(Data for review Opens)
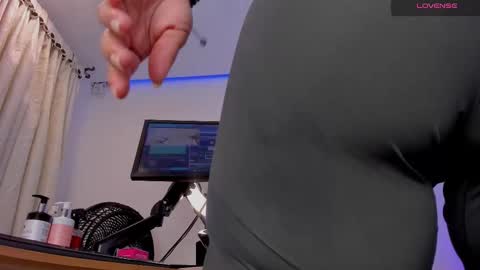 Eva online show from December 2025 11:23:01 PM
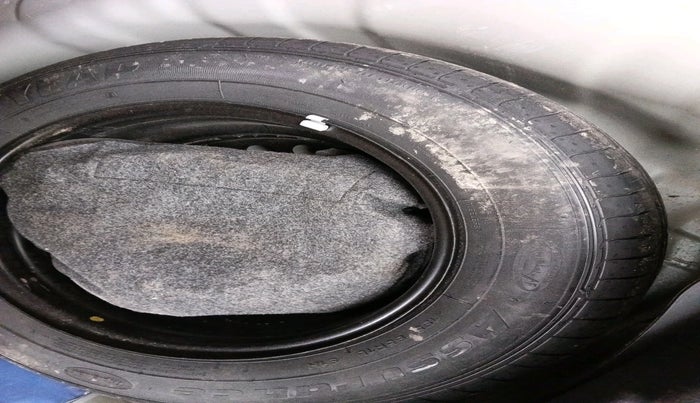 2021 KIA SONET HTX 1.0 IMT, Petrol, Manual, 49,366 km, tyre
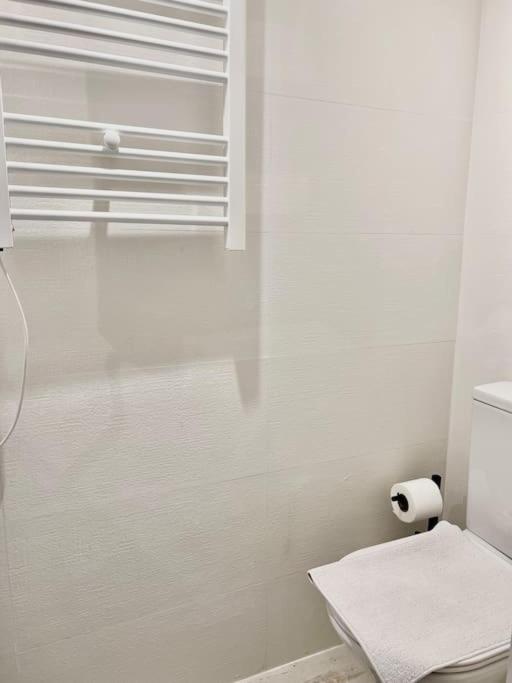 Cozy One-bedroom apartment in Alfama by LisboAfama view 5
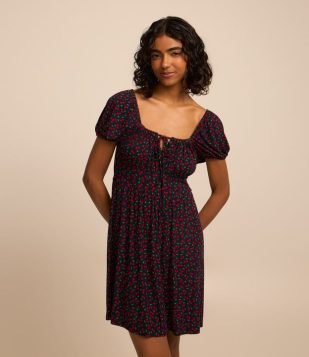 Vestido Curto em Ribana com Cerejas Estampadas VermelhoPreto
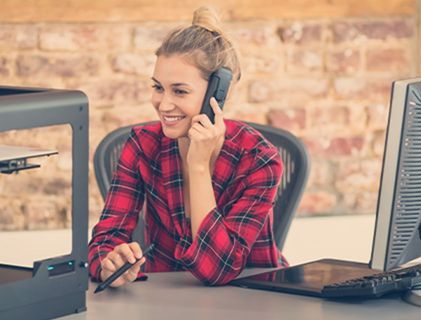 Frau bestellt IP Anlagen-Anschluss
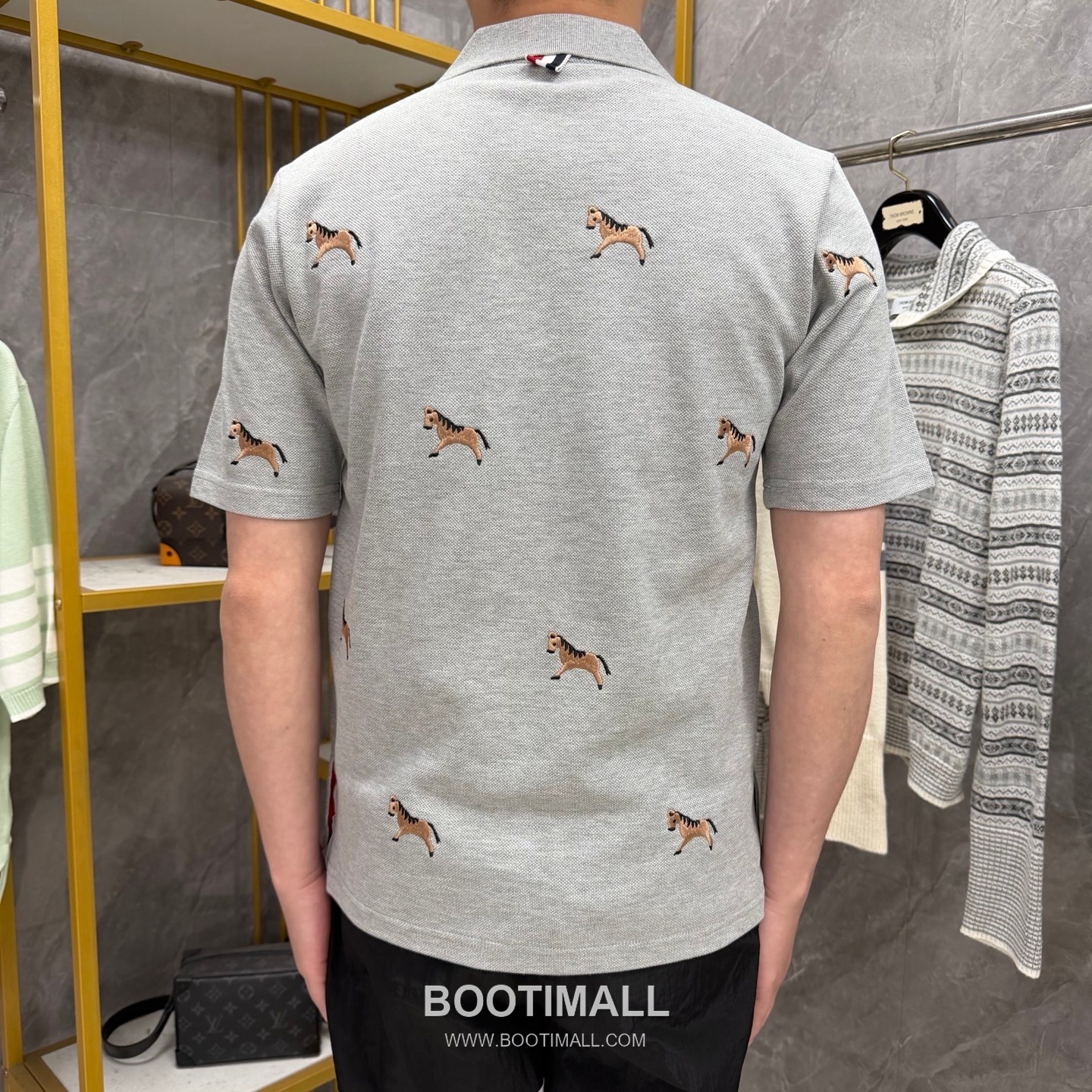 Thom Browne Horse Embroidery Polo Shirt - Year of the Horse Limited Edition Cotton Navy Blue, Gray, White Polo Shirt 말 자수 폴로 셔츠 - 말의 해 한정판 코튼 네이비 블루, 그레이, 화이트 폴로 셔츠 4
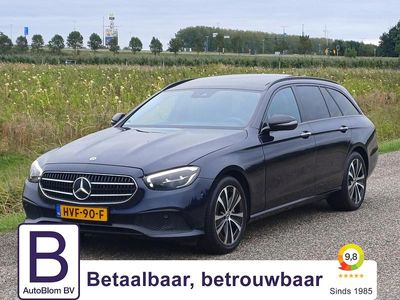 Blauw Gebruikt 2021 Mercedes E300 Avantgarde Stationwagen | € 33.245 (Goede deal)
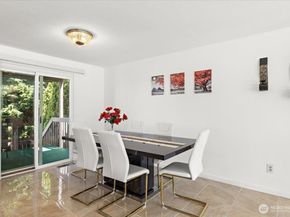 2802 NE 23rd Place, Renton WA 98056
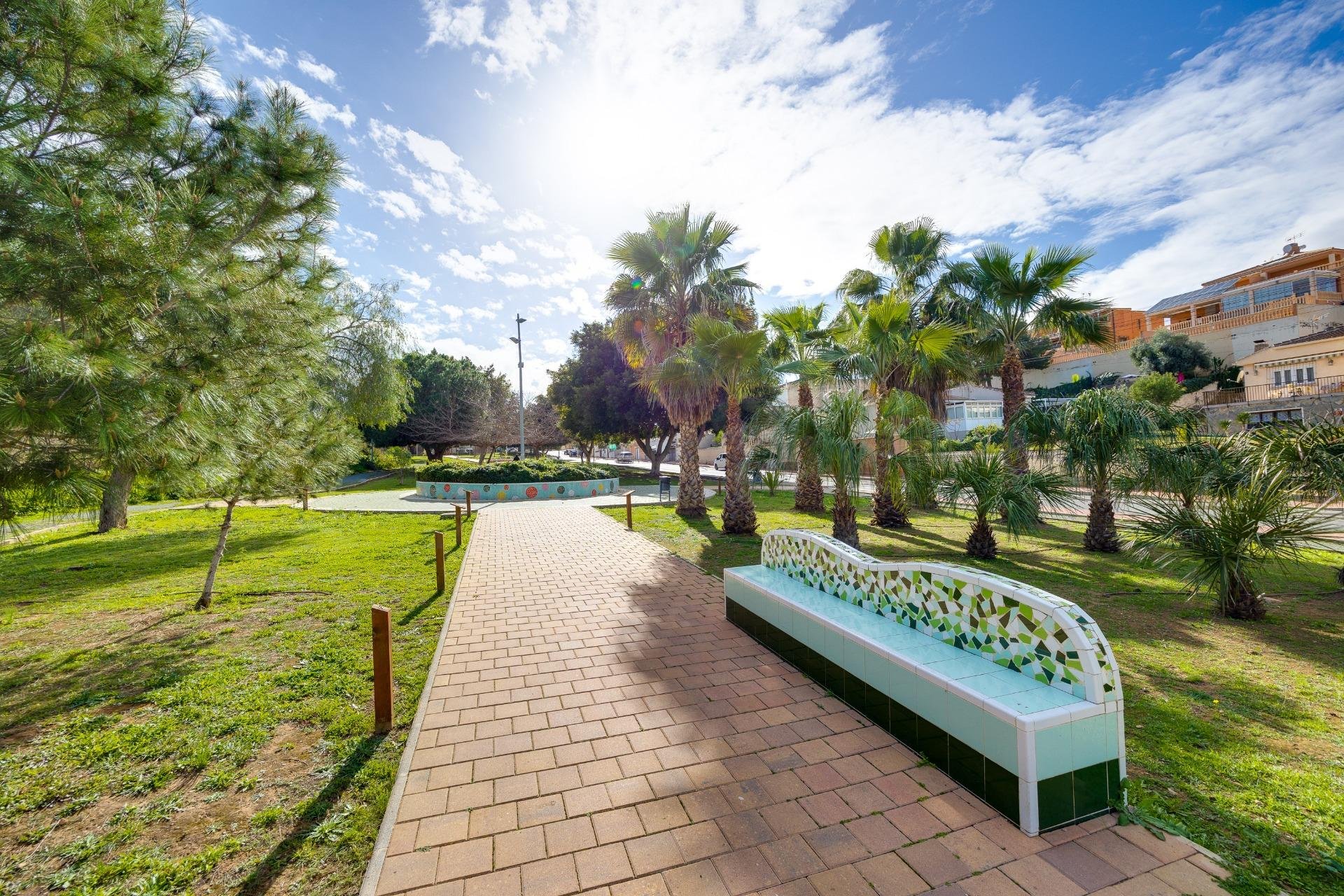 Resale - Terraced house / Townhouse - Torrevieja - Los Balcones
(Data for review Closes)
*Task brief*: Leaving the pictures out, reproduce the entries above exactly.

*Answer section*:
 Eva online show from December 2025 11:23:01 PM
 2021 KIA SONET HTX 1.0 IMT, Petrol, Manual, 49,366 km, tyre
 Cozy One-bedroom apartment in Alfama by LisboAfama view 5
 Vestido Curto em Ribana com Cerejas Estampadas VermelhoPreto
 Frau bestellt IP Anlagen-Anschluss
 Thom Browne Horse Embroidery Polo Shirt - Year of the Horse Limited Edition Cotton Navy Blue, Gray, White Polo Shirt 말 자수 폴로 셔츠 - 말의 해 한정판 코튼 네이비 블루, 그레이, 화이트 폴로 셔츠 4
 Blauw Gebruikt 2021 Mercedes E300 Avantgarde Stationwagen | € 33.245 (Goede deal)
 2802 NE 23rd Place, Renton WA 98056
 Resale - Terraced house / Townhouse - Torrevieja - Los Balcones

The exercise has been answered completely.